じょっぴんかったか

昭和の中頃から電気炊飯器があるので「ちゃんとかましてから うるかさなかったっけ めっこになったべさ。」ということは少なくなったのかもしれません。あずましき国を探検してみればこれまた「たいしていっしょや。」と思えてしまいます。

大江戸捜査網 その1

並木藪蕎麦
東京都台東区雷門2-11-9

坪内逍遥が「小説神髄」を書いたことが日本文学で、おそらくそれは本当のことで、本流の「蕎麦」のひとつであろう『藪』蕎麦に行ってみたかった。行って良かった。

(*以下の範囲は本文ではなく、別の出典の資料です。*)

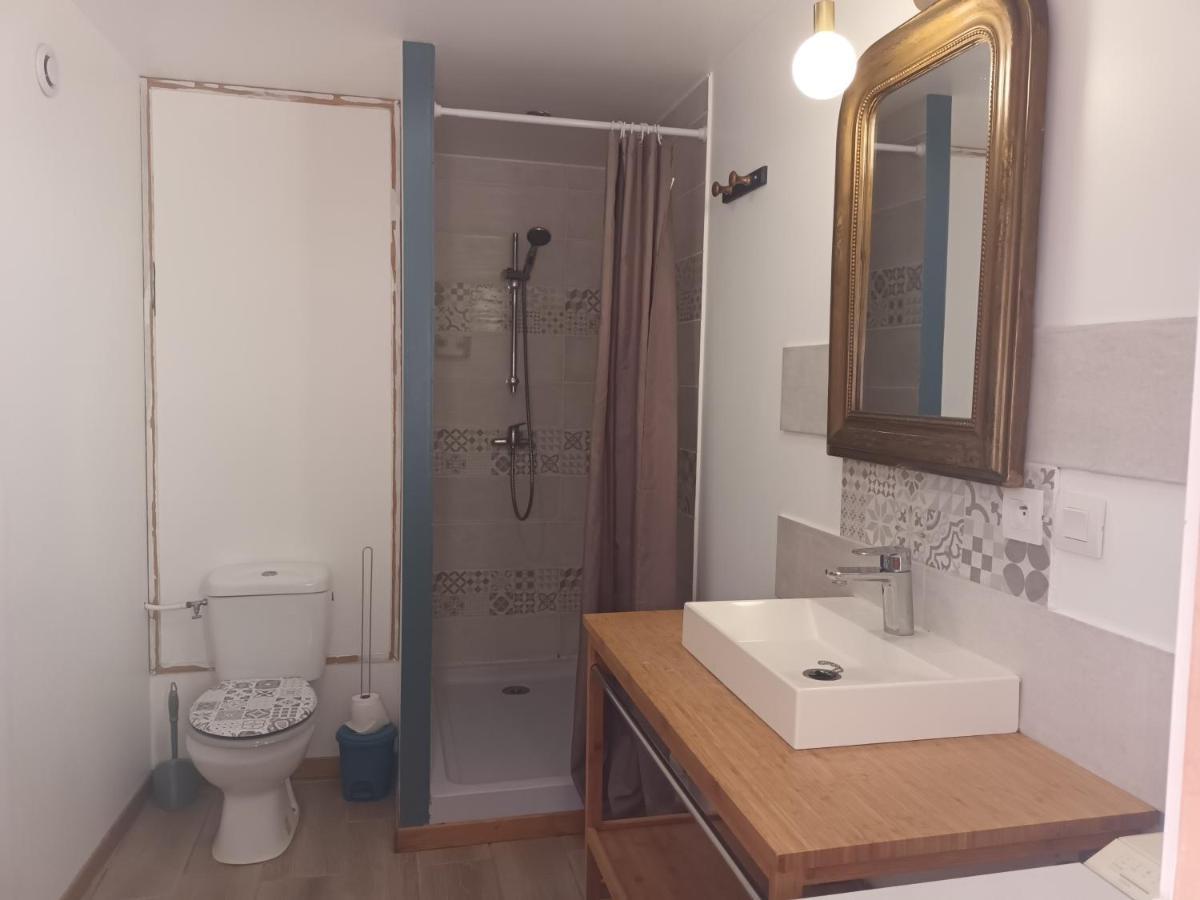 Studio du clocher Rigarda Extérieur photo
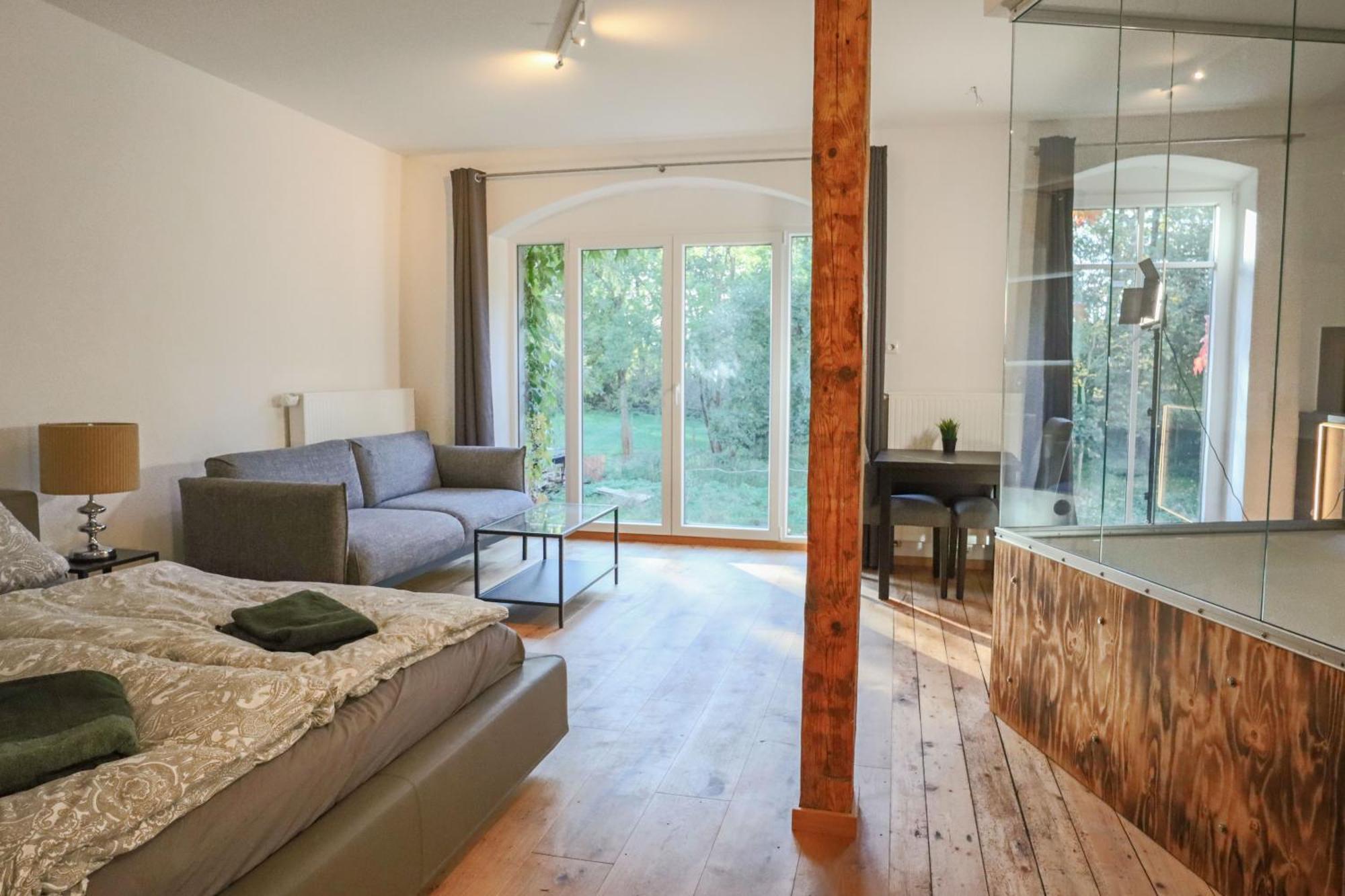 Loft Apartment Mit Grosser Badewanne A Mugeln Exteriér fotografie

何が違うって、「嗜み」の一言に尽きる。馴染みらしい父さんが、卵焼きをつまみ味噌をなめながら日本酒をチビリと飲って、ホール係の背筋の伸びた母さんの絶妙な間合いで、「何かいかが」的なことを云えば、「んじゃ、もり一枚。」阿吽の呼吸と言うのか、

文化が違う。
この街にとって、蕎麦屋さんは「蕎麦」を食うに非ず、酒を嗜み会話やしつらえを、風情を・・・「蕎麦」が主菜となったホッカイドーの在り方を否定するつもりはありません。

「粋」ってやつなんだべな。
あの辺に住んで「旦那」と呼ばれたい。(笑)

ホンモノの「辛い」そばつゆ。べらんめえ。
蕎麦はもちろん上質。噂に聞いた蕎麦つゆの塩っ辛さ。でも、蕎麦湯で割ったらこれまた異次元の旨さ。

知らないことは知ればいい。まだまだ、知らないことに出会えてシアワセ。

「十割蕎麦」信者に食べてほしい。「十割」でなくてもこのクオリティの高さ。連綿と続く歴史は嘘をつかない。